Homeless squatters removed from property

City crews remove debris that was part of a camp where a homeless couple lived on Illinois Street in West Point.
Staff Writer

A homeless couple West Point city leaders say move around the city setting up camp was removed from a property Friday morning after months of complaints from neighbors.

Mayor Robbie Robinson cited the city’s health, nuisance and zoning codes as grounds for the eviction from the lot on Illinois Street about three blocks from the city’s Public Works building.

The city obtained permission from the owner of the property, who lives elsewhere, to remove the squatters.

“He told us no one should be living on the property and he didn’t want anyone living on the property,” Robinson said, noting the couple who were removed were distant relatives of the owner.

Robinson had Police Chief Avery Cook go to the property first Friday morning and explain the situation. Then crews moved in, spending almost four hours with a front-end loader and boom truck scooping up three truck loads of debris and hauling it to the landfill.

“They were cooperative. When we got there, we told them to get whatever belongings they wanted to keep. They got a purse and some clothes and some other things and took them out to the street,” Robinson said.

“But it was a mess. We hauled out old TVs, pallets, old furniture, just junk. It looked like they were trying to build some kind of shelter with the pallets and planned to cover it with a tarp,” Robinson continued of the couple, who are in their late 30s.

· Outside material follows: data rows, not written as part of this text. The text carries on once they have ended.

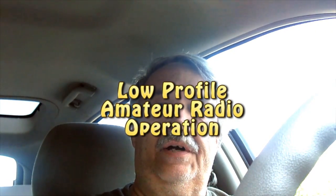Hi, Mike Kennedy here. Today I'd like to mention this book called 'Low Profile Amateur Radio.' What does 'low profile' mean? It's talking mainly about constructing antennas in such a way that no one knows you have one.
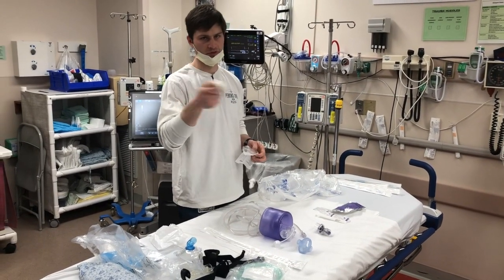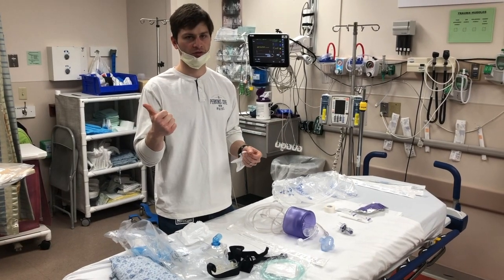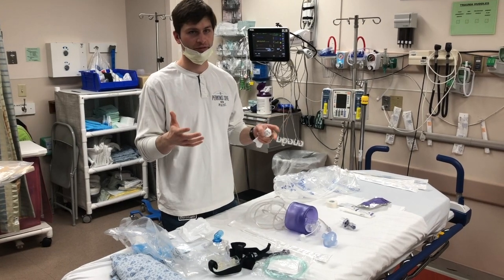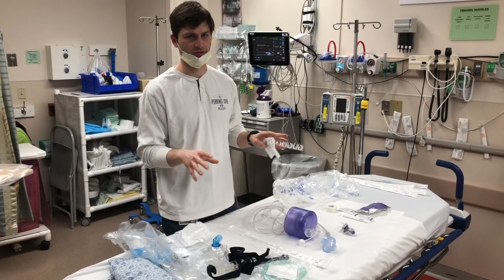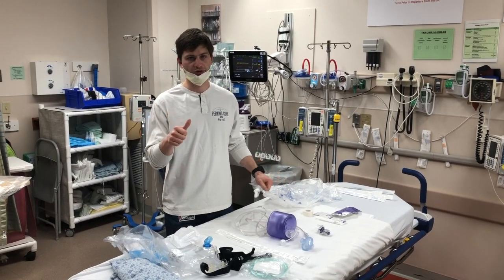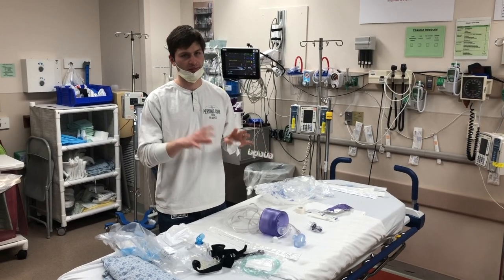And then some tape for when we secure the tube when the patient's intubated. Understand that there are a couple of other things you need when you intubate somebody — endotracheal tubes obviously, but that's going to vary based on the size of the patient, so you'll have to grab that separately. OG tubes and all that stuff — we're just trying to keep these kits for pretty much immediately what you need for the potentially crashing patient. Other adjuncts like bougies and oral airways: you're not going to need that on every patient.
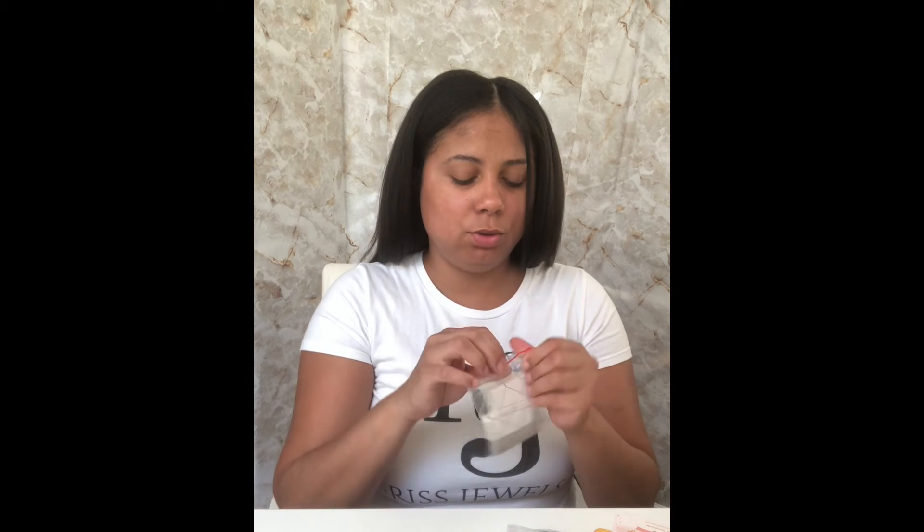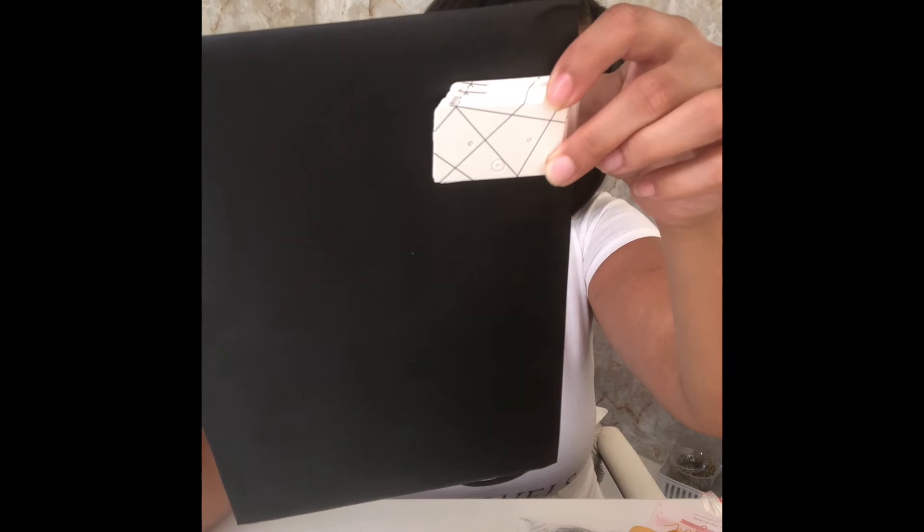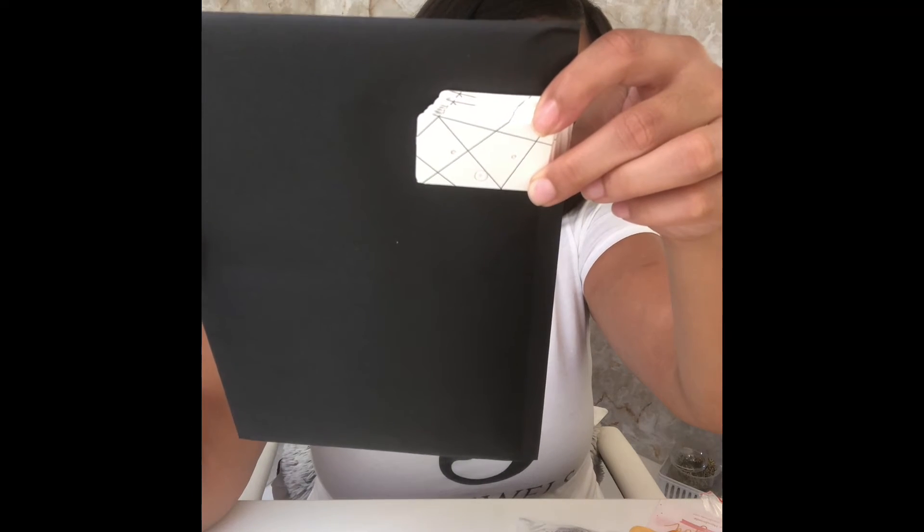The next thing — let's see what's in here. These are actually my new earring cards that I'm going to be using for my earrings. Taking one out so you guys can see — black line, white card paper. This also came with some fish hooks, some earring hooks for earrings.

The city has dealt with the pair before, including at one point when they camped near a part of the city’s walking trails.

“They’ve been offered help before but don’t want it,” the mayor said.

City leaders speculate they ended up on Illinois Street because the man’s late grandmother once lived on the street and because of the distant tie to the owner of the property.

The man and woman initially left their salvaged belongings on the curb and left but the items were gone by 12:30 p.m. Friday as the city was finishing its clean up.

“The neighbors were happy, they are glad,” Robinson said.

The city has been working on the problem for several weeks, but those efforts picked up momentum two weeks ago when Selectman Ken Poole, is whose ward the property is, brought it up at a Board of Selectmen study session.

“It’s been going on two years with these people, we’ve moved them out of three places already,” Codes Enforcement Officer Jeremy Klutts said at the time.

“Do whatever you have to, arrest them, whatever it takes, but this can’t go on. Nobody wants this next to them, and it smells,” Poole said, showing pictures to other selectmen. “If this was next to me I’d be at every meeting wearing y’all out. Don’t throw in the towel.”

Robinson said he wasn’t sure where the couple had gone, but he fears it won’t be the last time the city will have to deal with them.

“We don’t have any real services for situations like this. Given their track record, I suspect they’ll show back up somewhere. But they don’t want help. Our hands are a little tied. It’s a shame,” he surmised.